The expected behavior is as follows: If an original spectrogram D
has frequency values ranging from 0 to ~5000, then the accompanying mel-spectrogram that is obtained by librosa.feature.melspectrogram(S=D, sr=sr)
should have mel values ranging from 20 to ~2500. Using the y_axis='mel'
argument should result in a y-axis that is on the ‘mel’ scale. The y-axis ticks can be scaled in any manner (log base 10 or log base 2 maybe), but most importantly the value range should be between 0 and roughly 2500.
Actual behavior is as follows: The data is spread over a labeled range from 0 to ~10000 units. The y-axis appears to be in log base 2 scale, which is fine.
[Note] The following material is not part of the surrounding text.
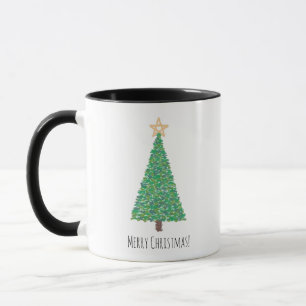 Grönt julgran mugg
However, the labeled units are Hz rather than mels, which is incorrect.
Summary: The range of values (y-axis ticks) seems incorrect, and the label “Hz” should be converted to “Mels”.
To Reproduce:
The following code will produce side by side of a standard spectrogram produced using stft()
and a mel spectrogram which is produced using librosa.feature.melspectrogram()
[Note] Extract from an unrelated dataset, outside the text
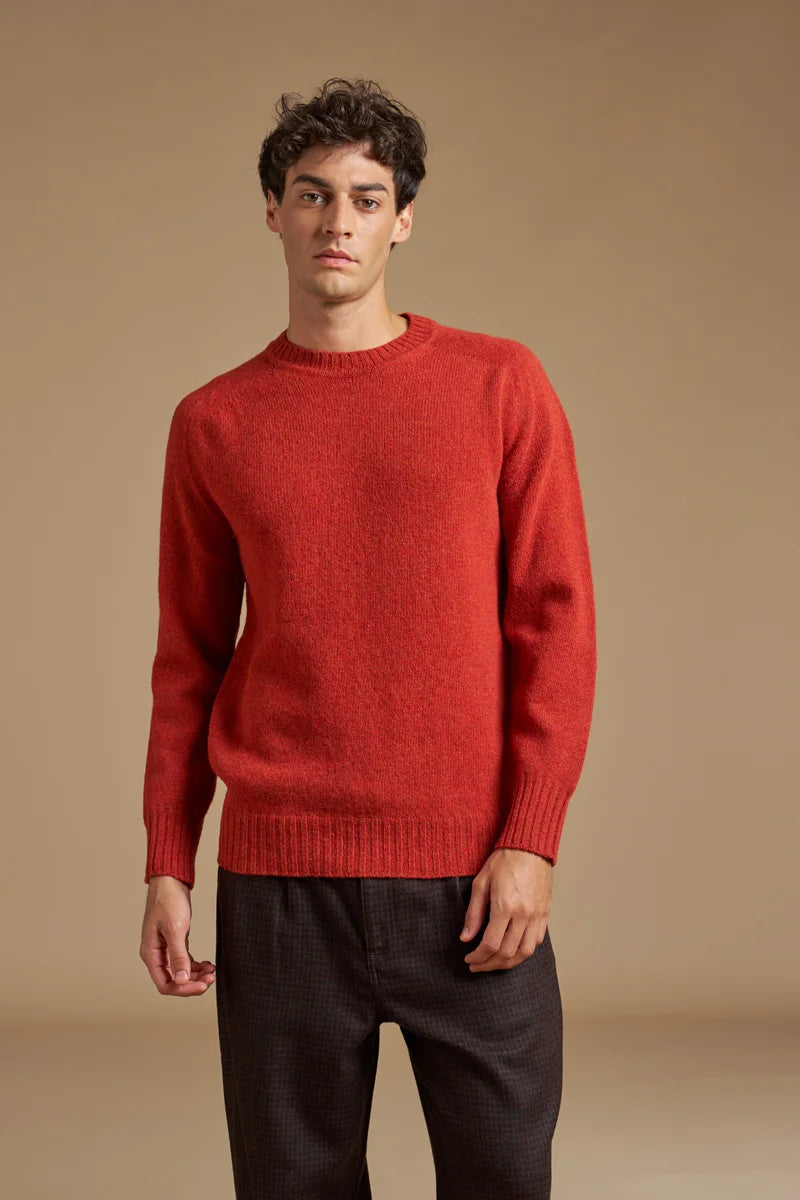 Girocollo 100% Shetland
applied to the original stft()
output.
import librosa as li
import librosa.display
import numpy as np
import matplotlib.pyplot as plt
import scipy.signal as sig
# load sample audio
file = li.ex('trumpet')
aud, sr = li.load(file, sr=None)
n_ftt = 512
rsr = 11025
# apply low pass filter before downsampling. Attenuate at resample rate divided by 2.
cutoff = rsr / 2
sos = sig.butter(10, cutoff, fs=sr, btype='lowpass', analog=False, output='sos')
aud = sig.sosfilt(sos, aud)
# downsample and update sample rate value
aud, sr = li.resample(aud, sr, rsr), rsr
# create both standard and mel spectrograms:
spec = li.stft(aud, n_fft=512, window=sig.windows.hamming)
spec = np.abs(spec)
mel_spec = li.feature.melspectrogram(S=spec, sr=11025)
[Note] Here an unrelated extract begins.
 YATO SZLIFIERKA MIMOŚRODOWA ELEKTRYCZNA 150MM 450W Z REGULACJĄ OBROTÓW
# plot standard spectrogram and mel-scale spectrogram side by side:
fig, axes = plt.subplots(1, 2, figsize=(10, 4))
specs = (li.amplitude_to_db(sp) for sp in (spec, mel_spec))
scales = ('hz', 'mel')
for i, (sp, sc) in enumerate(zip(specs, scales)):
li.display.specshow(sp, x_axis='time', y_axis=sc, sr=sr, ax=axes[i])
plt.tight_layout()
plt.show()
Screenshots This is the result of the “To Reproduce” code above:
Software versions*
Windows-10-10.0.14393-SP0
Python 3.8.0 (tags/v3.8.0:fa919fd, Oct 14 2019, 19:37:50) [MSC v.1916 64 bit (AMD64)]
NumPy 1.19.1
SciPy 1.5.2
librosa 0.8.0
INSTALLED VERSIONS
------------------
python: 3.8.0 (tags/v3.8.0:fa919fd, Oct 14 2019, 19:37:50) [MSC v.1916 64 bit (AMD64)]
librosa: 0.8.0
audioread: 2.1.8
numpy: 1.19.1
scipy: 1.5.2
sklearn: 0.23.2
joblib: 0.16.0
decorator: 4.4.2
soundfile: 0.10.3
resampy: 0.2.2
numba: 0.50.1
numpydoc: None
sphinx: 3.1.1
sphinx_rtd_theme: None
sphinxcontrib.versioning: None
sphinx-gallery: None
pytest: 6.0.1
pytest-mpl: None
pytest-cov: None
matplotlib: 3.3.0
presets: None
Additional context That’s it! Perhaps I’m missing something conceptually or there is an error in my code, but I think I’ve got everything right. If I’ve messed something up, I apologize for reporting this as a bug!
Issue Analytics
- State:
- Created 3 years ago
- Comments:6 (5 by maintainers)
Top GitHub Comments
It feels a little bloaty, but I’d be okay with it. It would just be a pass-through param at this line: https://github.com/librosa/librosa/blob/7a5efc5f8b921db6ee8079b411629198c2154a18/librosa/display.py#L1266
@wcneill maybe it would help to understand how this is all implemented under the hood.
When you say
y_axis='mel'
, specshow will calculate the center frequency (in Hz) of each mel band, based on the parameters (sampling rate, nfft, etc). It will then render the spectrogram in natural (y-axis) coordinates, which in this case means Hz. Finally, based on how the Slaney (default) filters are defined, it uses a linear axis warping below 1KHz, and a logarithmic warping above 1KHz (asymlog
axis, in matplotlib speak) to stretch the rendered figure. The reason we do it this way is so that the y-axis is always in Hz, and you can interact with the plot accordingly: eg by plotting f0 curves (also measured in hz), or highlighting frequency bands of interest, etc. Similar things are done for linear stft, log-frequency stft, and cqt: the coordinates will all be transformed so that the resulting y-axis is in Hz.